Im going back to the Warminster store tomorrow, if there is some on the shelf, I'm cleaning them out! I called my mom back near Pittsburgh to check her store for me. She said they didnt even have a spot on the shelf for it, only the little red 1qt cans


----------



## Timberframed (Feb 10, 2016)

Bang! 7 gallons of white gas at 1/2 price. Stopped by the walmart (Willow Grove) since I needed kerosene from the gas station ($2.37 gl). Good to go with lanterns and stoves. Firing up a 1938 Brooklure lantern tonight. Thanks for the heads-up A10.


----------



## A10egress (Feb 11, 2016)

Timberframed said:


> Bang! 7 gallons of white gas at 1/2 price. Stopped by the walmart (Willow Grove) since I needed kerosene from the gas station ($2.37 gl). Good to go with lanterns and stoves. Firing up a 1938 Brooklure lantern tonight. Thanks for the heads-up A10.
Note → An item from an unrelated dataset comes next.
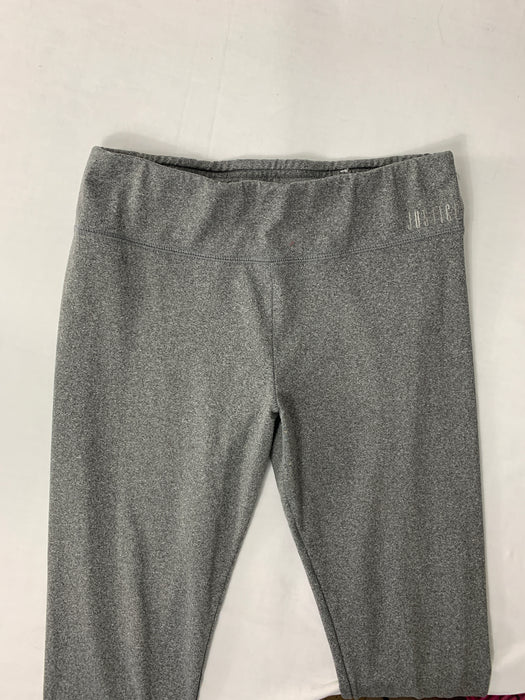 Justice Girls Pants Size 16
you're lucky, I was gonna hit that one next  yes, Im greedy!


----------



## carhartt (Mar 8, 2016)

Heading up Thurs morning. I know I will be at the festival Friday, but maybe Thursday as well. Bring your shorts and flip flops. Much different than other yrs. I have a cpl saws that could find a new home if anyone is coming.


----------



## Timberframed (Mar 8, 2016)

Just remembered last week Easter break is coming. I take my three sons for a semi-wilderness camp for the 5 days they have off school. Been doing this for 11 years straight. One year I had a District Forester deliver me a fresh White Oak so we could have a better table. This is near the Algerine Wild Area.


----------



## carhartt (Mar 9, 2016)

Nice. That table is pretty slick. I am sure the kids have good time and not even realizing how much they are learning. I just hope they learn there are more and better products than Budweiser. At an older age of course. I love all the glowing rustic lanterns and the sneaky extension cord running to the tent. Unless maybe it is a rope tied to the food cooler so you know when Yogi is making off with the groceries.


----------



## Timberframed (Mar 9, 2016)

Forgot a night scene


----------



## rarefish383 (May 11, 2016)

Timberframed said:


> View attachment 483490
> That's some good carving work there. The turkey reminds me of the Lumberjack festival in Forksville, PA every October. Guy was selling chainsaw cutter attachments belt drive methinks he makes em' on a lathe. Would have bought one but my boys were hungry so the cash was stripped out'a my hands fast. Bench looks straight enough from here.


I'm gonna have to run up 95 one of these days just to see your shop. I'll bring a couple "Stoudts" Fat Dogs, from Adamstown, PA. If you think about it, post this event next year, I'd like to come, and it might be something I'm interested in that my wife would like to see. Can't get her to go hunting, fishing, or drag racing, Joe.


----------